Struggles of Patients with Type 1 Diabetes and Lack of Access to Life-Saving Technologies Highlighted at Congressional Hearing on Impact of Slow Medical Device Regulation
JDRF says Pending Artificial Pancreas Guidance is FDA's Opportunity to Turn the Tide
NEW YORK, July 20, 2011 /PRNewswire-USNewswire/ -- The Juvenile Diabetes Research Foundation (JDRF) welcomed Congress's attention today to the important issue of medical device regulatory reform and reiterated the life-changing difference the FDA's pending artificial pancreas guidance will make in the lives of millions of individuals with type 1 diabetes across the country.
The hearing, "FDA Medical Device Regulation: Impact on American Patients, Innovation and Jobs," held before the House Committee on Energy & Commerce Subcommittee on Oversight and Investigations, highlighted the sense of urgency needed to accelerate the development and availability of emerging technologies for people with type 1 diabetes. Type 1 diabetes is an autoimmune disease that affects millions of Americans, must be managed 24-7 and can result in short- and long-term life-threatening complications.
"People with diabetes and their loved ones need timely access to innovative, life-saving technologies to help better manage the disease," said Pam Sagan, the mother of an adult daughter with type 1 diabetes and former JDRF board member, who testified at the hearing. "Some breakthrough tools and technologies that protect against dangerous diabetes episodes are already available all over the world, but not available here in the U.S.," added Sagan.
Low-glucose suspend systems have been approved for nearly three years and used safely in over 40 countries worldwide. These devices automatically suspend insulin delivery when blood sugar levels fall too low, thereby reducing the risk of hypoglycemia (dangerous low blood sugar), which is a significant and constant concern for people with type 1 diabetes. Low blood sugar levels can cause seizures, coma and even death.

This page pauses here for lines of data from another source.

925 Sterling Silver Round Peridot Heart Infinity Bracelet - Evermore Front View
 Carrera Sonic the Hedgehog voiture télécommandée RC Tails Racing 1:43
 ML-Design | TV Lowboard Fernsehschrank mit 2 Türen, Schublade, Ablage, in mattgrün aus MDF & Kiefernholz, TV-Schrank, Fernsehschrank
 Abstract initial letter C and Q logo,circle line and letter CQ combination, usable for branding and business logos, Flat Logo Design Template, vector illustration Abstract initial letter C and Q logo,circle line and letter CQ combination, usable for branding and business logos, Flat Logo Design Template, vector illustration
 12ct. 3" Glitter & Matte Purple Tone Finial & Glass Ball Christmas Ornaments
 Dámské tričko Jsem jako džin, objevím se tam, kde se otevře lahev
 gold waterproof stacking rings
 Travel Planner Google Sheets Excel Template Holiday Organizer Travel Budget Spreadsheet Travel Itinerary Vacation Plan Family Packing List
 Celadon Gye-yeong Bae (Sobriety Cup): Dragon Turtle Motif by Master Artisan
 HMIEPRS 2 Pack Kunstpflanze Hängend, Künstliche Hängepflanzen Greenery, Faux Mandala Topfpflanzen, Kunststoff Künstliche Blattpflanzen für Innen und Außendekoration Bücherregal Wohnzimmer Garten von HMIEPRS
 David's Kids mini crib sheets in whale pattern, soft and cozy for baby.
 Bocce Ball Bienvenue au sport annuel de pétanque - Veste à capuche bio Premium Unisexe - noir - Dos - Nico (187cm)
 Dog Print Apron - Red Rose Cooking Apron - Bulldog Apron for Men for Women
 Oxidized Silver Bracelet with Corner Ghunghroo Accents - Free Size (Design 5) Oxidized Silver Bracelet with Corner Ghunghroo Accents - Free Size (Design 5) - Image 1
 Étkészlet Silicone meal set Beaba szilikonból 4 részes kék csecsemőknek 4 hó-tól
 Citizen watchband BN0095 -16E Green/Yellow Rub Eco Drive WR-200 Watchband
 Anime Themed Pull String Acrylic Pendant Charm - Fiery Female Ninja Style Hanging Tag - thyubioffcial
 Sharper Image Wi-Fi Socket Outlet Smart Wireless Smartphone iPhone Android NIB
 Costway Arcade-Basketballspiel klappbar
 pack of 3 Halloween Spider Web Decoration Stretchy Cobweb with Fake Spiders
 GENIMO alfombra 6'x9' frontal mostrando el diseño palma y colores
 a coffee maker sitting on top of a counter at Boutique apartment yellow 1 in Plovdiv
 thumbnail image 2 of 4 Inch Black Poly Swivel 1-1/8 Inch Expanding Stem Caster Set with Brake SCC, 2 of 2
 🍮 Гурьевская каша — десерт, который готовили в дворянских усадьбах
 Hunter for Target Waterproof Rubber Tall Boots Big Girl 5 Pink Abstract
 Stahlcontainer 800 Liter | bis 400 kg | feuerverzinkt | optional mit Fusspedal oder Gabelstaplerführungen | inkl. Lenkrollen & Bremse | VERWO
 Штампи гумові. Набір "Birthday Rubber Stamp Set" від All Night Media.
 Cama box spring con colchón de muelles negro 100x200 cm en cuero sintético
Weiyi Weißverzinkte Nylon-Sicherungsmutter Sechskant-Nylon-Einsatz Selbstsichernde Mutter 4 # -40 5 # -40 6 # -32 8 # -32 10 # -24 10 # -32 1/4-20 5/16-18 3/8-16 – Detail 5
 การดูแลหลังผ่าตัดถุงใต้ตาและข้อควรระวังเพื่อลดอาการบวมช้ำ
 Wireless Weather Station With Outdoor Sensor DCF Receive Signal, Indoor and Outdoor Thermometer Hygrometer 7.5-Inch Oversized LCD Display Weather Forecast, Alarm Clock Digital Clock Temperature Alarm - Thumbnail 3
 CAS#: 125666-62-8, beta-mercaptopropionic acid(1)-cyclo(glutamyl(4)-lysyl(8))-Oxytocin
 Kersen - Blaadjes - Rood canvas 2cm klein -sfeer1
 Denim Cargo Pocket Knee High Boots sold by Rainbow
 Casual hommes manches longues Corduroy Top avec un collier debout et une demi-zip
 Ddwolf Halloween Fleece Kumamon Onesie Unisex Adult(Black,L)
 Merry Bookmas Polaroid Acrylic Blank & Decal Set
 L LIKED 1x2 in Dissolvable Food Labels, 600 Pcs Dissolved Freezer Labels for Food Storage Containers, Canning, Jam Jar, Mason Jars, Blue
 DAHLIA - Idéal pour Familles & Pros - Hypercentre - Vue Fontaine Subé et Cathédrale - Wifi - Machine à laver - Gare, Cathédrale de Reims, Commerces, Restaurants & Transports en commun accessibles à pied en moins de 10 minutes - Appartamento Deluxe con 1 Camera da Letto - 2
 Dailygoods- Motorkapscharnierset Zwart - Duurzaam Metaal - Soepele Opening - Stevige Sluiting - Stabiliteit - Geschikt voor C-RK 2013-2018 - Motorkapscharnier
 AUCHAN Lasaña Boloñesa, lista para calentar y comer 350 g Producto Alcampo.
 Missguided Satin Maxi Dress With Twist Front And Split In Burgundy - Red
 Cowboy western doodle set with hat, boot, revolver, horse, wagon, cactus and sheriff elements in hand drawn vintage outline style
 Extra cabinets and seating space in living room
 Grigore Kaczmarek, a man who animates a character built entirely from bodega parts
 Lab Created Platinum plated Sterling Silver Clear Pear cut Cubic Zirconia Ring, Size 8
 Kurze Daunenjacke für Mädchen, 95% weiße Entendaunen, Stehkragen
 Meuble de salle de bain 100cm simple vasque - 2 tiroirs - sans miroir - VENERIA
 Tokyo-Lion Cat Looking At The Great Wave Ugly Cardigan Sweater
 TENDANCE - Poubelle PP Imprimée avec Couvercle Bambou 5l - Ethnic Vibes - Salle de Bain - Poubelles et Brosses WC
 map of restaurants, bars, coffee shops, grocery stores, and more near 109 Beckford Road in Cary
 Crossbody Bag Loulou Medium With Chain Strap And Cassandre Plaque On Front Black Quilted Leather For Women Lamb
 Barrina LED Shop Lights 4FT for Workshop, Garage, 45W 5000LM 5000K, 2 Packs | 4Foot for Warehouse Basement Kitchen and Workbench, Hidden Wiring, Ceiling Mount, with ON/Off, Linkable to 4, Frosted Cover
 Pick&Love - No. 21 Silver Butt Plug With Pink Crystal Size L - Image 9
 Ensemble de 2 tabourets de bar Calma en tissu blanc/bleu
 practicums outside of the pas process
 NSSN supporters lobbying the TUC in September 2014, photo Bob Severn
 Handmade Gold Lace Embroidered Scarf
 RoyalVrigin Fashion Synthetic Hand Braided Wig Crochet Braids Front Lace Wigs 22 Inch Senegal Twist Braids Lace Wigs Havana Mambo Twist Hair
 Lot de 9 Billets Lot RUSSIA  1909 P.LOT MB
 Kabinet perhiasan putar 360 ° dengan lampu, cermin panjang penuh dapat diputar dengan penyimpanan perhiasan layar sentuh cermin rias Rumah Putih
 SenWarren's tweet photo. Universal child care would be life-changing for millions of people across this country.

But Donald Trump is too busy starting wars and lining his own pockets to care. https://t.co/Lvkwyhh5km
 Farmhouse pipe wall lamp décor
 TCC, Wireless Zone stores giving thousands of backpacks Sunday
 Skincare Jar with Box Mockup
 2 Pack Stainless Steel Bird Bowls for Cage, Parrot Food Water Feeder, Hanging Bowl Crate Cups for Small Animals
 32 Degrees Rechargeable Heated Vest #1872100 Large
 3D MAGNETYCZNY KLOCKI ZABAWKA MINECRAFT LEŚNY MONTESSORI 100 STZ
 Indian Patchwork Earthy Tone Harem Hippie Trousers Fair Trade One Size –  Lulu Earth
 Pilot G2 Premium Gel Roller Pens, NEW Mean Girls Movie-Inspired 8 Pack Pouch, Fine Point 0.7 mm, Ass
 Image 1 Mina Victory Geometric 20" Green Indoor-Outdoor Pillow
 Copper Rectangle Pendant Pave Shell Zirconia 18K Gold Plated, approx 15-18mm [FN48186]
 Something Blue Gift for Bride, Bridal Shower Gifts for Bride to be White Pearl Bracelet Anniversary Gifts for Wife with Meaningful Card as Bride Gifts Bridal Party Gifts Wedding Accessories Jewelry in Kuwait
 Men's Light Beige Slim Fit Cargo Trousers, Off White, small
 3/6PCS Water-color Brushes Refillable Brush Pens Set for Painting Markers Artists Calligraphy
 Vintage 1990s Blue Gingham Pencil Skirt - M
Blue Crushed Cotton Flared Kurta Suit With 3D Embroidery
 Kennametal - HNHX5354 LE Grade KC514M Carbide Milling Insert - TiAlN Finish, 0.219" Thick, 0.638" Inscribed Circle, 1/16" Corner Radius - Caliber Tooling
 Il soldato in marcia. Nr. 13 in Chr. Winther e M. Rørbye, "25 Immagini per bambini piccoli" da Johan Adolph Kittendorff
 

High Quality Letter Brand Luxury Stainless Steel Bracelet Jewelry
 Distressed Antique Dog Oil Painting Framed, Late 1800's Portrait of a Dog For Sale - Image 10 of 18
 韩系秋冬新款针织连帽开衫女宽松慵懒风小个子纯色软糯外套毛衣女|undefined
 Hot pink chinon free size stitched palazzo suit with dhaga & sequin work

"Proven technologies, such as low-glucose suspend systems, are waiting in the wings and already accessible outside of the U.S. Our nation is lagging behind in the approval of a device that would transform the lives of millions of individuals living with type 1 diabetes worldwide," said Jeffrey Brewer, President and CEO of JDRF.
During the testimony, Ms. Sagan stressed that "if the pattern continues, the next generation of these systems may be available in other countries years before they are available in America."
Low-glucose suspend technology is the first phase of an artificial pancreas, a combination of a continuous glucose monitor and an insulin pump with software that communicates between the two devices to automatically monitor glucose levels and administer insulin doses. Unlike the low-glucose suspend pump, the artificial pancreas would address both high and low blood sugar levels.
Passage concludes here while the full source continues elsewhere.